▸ **Activity**
The reply must consist of the lines from the first line of the records through the line containing "Контроллер светодиодного дисплея", copied exactly, with every picture omitted.

▸ **Brief descriptive captions**
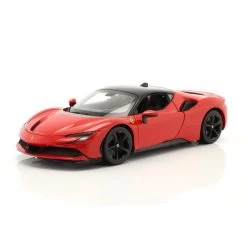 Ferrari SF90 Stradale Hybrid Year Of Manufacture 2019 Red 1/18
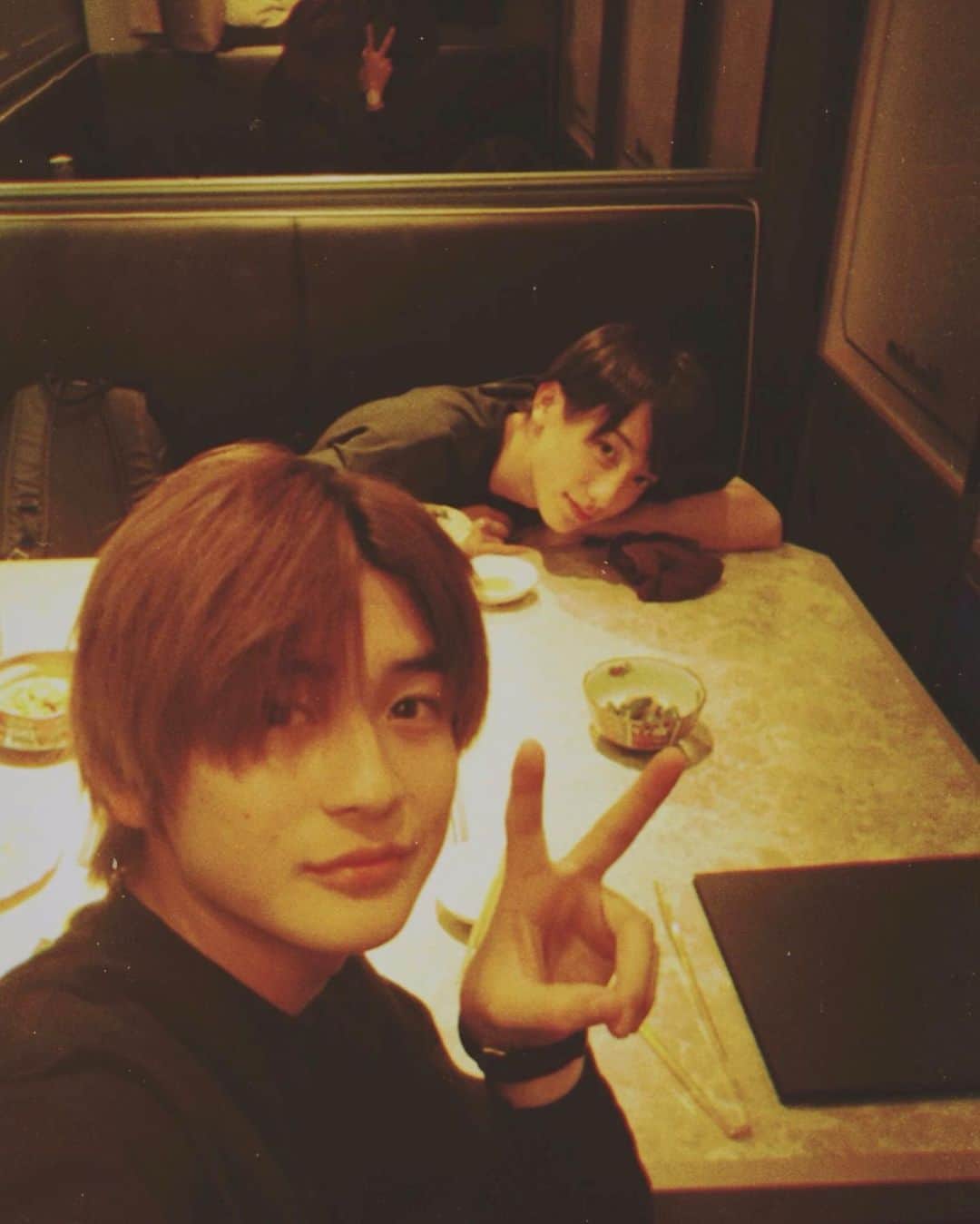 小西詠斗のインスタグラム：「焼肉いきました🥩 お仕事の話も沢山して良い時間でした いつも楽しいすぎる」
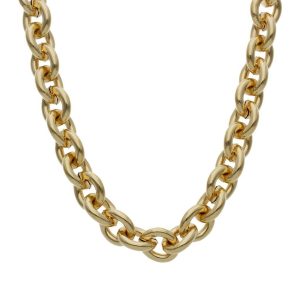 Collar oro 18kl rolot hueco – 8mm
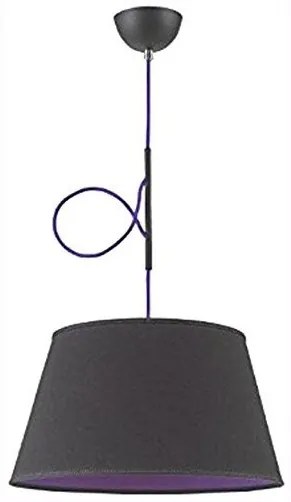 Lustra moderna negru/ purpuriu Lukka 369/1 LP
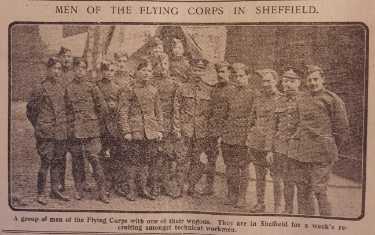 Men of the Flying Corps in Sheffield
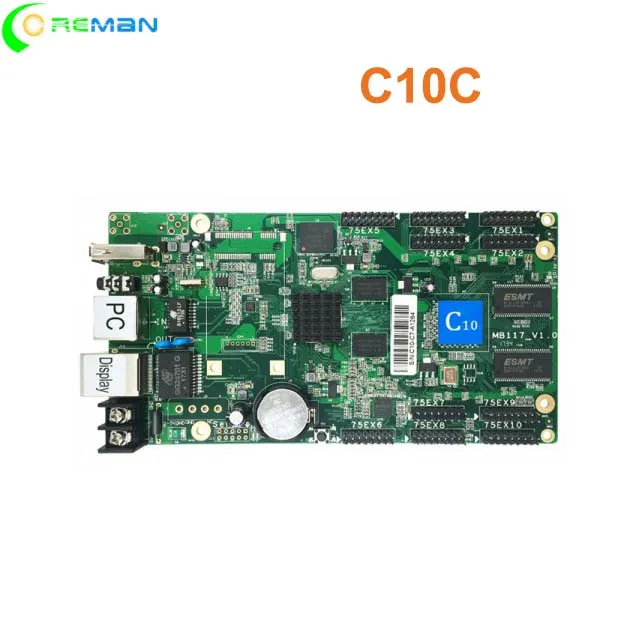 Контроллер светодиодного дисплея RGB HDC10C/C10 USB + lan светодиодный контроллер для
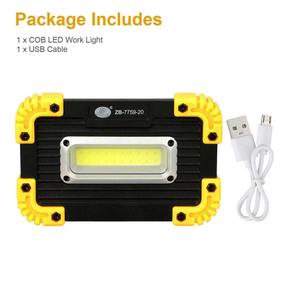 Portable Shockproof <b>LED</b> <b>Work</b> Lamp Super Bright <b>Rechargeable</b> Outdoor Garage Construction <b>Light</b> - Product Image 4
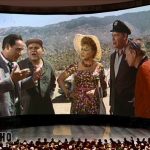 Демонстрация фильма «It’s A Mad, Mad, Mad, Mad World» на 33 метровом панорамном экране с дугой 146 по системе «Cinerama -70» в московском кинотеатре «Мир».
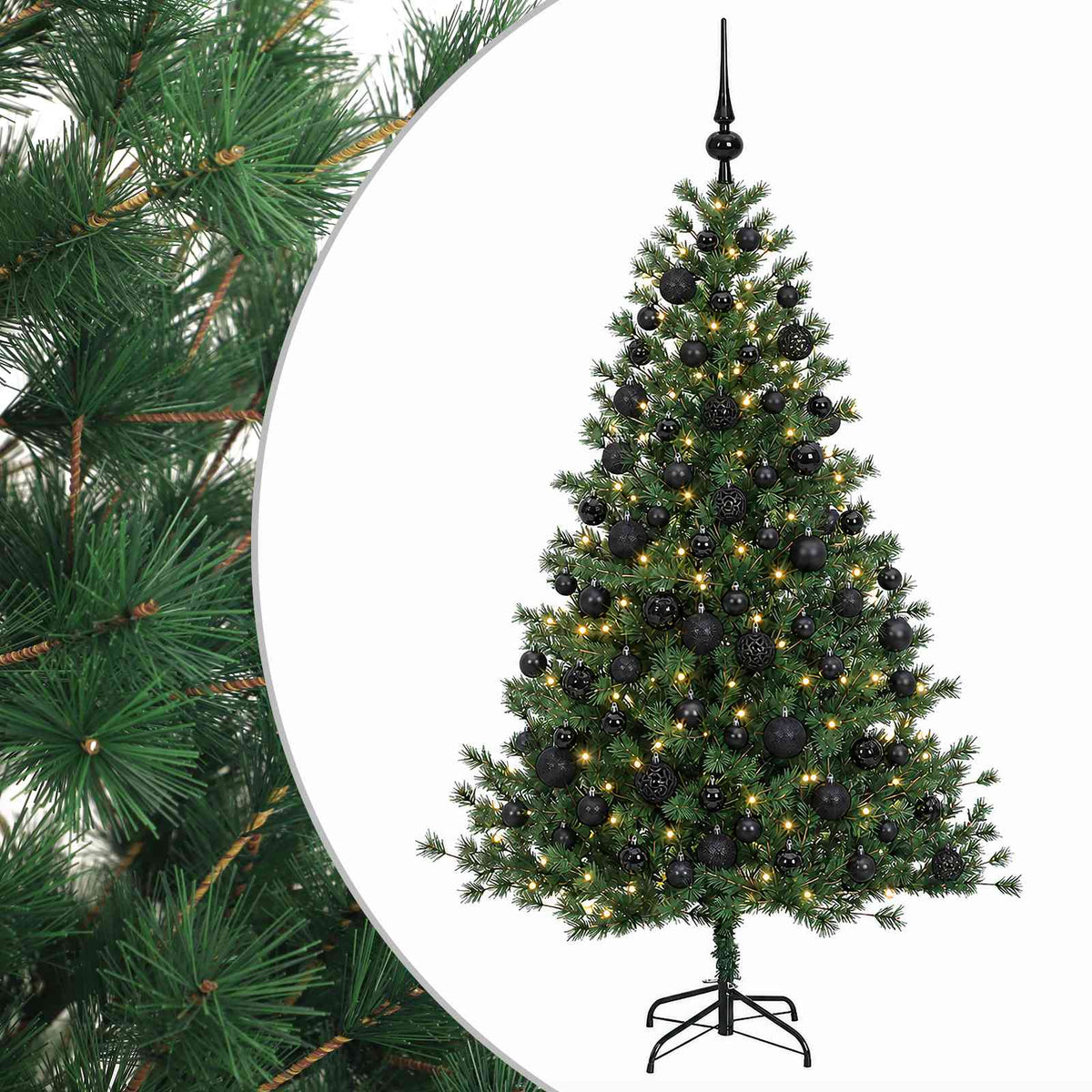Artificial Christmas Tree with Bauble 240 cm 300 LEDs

▸ **Answer box**
 Ferrari SF90 Stradale Hybrid Year Of Manufacture 2019 Red 1/18
 小西詠斗のインスタグラム：「焼肉いきました🥩 お仕事の話も沢山して良い時間でした いつも楽しいすぎる」
 Collar oro 18kl rolot hueco – 8mm
 Lustra moderna negru/ purpuriu Lukka 369/1 LP
 Men of the Flying Corps in Sheffield
 Контроллер светодиодного дисплея RGB HDC10C/C10 USB + lan светодиодный контроллер для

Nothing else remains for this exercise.